World War II planes, vets visiting Blaine airport

A rare opportunity to view World War II planes and visit with veterans from the era will be available at the Anoka County-Blaine Airport next week.

A P-51C fighter plane and Consolidated B-24J Liberator nicknamed “Witchcraft” are two of the three World War II era military aircraft that will be on display the afternoon of Thursday, July 18 through Sunday, July 21 at the Anoka County-Blaine Airport. The public can purchase a flight on these aircraft, which are the sole remaining examples of their type flying in the world. File photo by Bill Jones

A P-51C fighter plane and Consolidated B-24J Liberator nicknamed “Witchcraft” are two of the three World War II era military aircraft that will be on display the afternoon of Thursday, July 18 through Sunday, July 21 at the Anoka County-Blaine Airport. The public can purchase a flight on these aircraft, which are the sole remaining examples of their type flying in the world. File photo by Bill Jones

The Boeing B-17 Flying Fortress “Nine O Nine” heavy bomber, the Consolidated B-24J Liberator “Witchcraft” heavy bomber and a P-51C Mustang fighter plane will be landing at the airport around 2 p.m. Thursday, July 18 and will be on display at the Golden Wings Museum until 5 p.m. July 21. The museum is located at 8891 Airport Road at the south end of the field.

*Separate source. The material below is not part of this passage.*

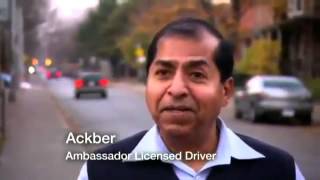 Undercover Boss Canada S03E04 Beck Taxi [upl. by Lumbye]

Adults can climb into these planes and explore them for $12. The fee for children under the age of 12 is $6. World War II veterans can tour the aircraft at no cost. Discounted rates are available for school groups.

Visitors can even fly in these historically significant aircraft. For a 30-minute flight, they can fly in either the B-17 or B-24J heavy bomber for $425 per person. A flight in the P-51 fighter plane is $2,200 for a half hour or $3,200 for a full hour.

For reservations and more information on flights, call 800-568-8924.

The ground tour times are 2-5 p.m. Thursday, July 18 and 9 a.m. to 5 p.m. Friday, Saturday and Sunday, July 19-21.

The flight experiences are normally scheduled before and after the ground tour times.

The three World War II era military planes are owned by The Collins Foundation, which is a non-profit organization based in Massachusetts. According to the foundation, the “Nine O Nine” is one of only eight B-17 heavy bombers in flying condition in the United States.

The B-24J “Witchcraft” heavy bomber and the P-51C fighter plane are the sole remaining examples of their type flying in the world.

These heavy bombers were the backbone of the American military effort during the war and famous for their ability to sustain heavy damage and still accomplish the mission.

The P-51 Mustang was affectionately known as the bombers’ “little friend” because its pilot’s mission was to protect bombers from enemy fighter planes.

Many military aircraft were scrapped after the war so the aluminum could be salvaged for other needs.

This is the 24th year that the foundation has organized the Wings of Freedom Tour to give people across the country a chance to see and touch a piece of history and talk with those who were a part of it. Its planes visit an average of 110 cities in over 35 states annually.

With World War II veterans in or approaching their 90s, being able to visit with one of them is becoming a rare opportunity. The Eighth Air Force Historical Society of Minnesota is organizing a group of World War II veterans to come to the Anoka County-Blaine Airport during the event.

Craig Schiller, facility manager at the Golden Wings Museum, said there will also be a few other World War II veterans not affiliated with the historical society who will be there to talk to people about their experiences.

“This event is getting harder every year because there are fewer of them,” he said. Schiller expects there will be at least a half-dozen World War II veterans stopping by the airport. There are no specific seminar times scheduled, but the historical society typically sets up displays by the planes and the veterans are available to share their stories.

According to Schiller, a challenge this year is that the Golden Wings hangar is not air conditioned. The event was at the Key Air facility for the first time ever last year, which is an air conditioned facility, but it was logistically easier to have the event at the Golden Wings facility. Visitors will be able to tour the rest of the museum for only $3 to see over 30 vintage aircraft.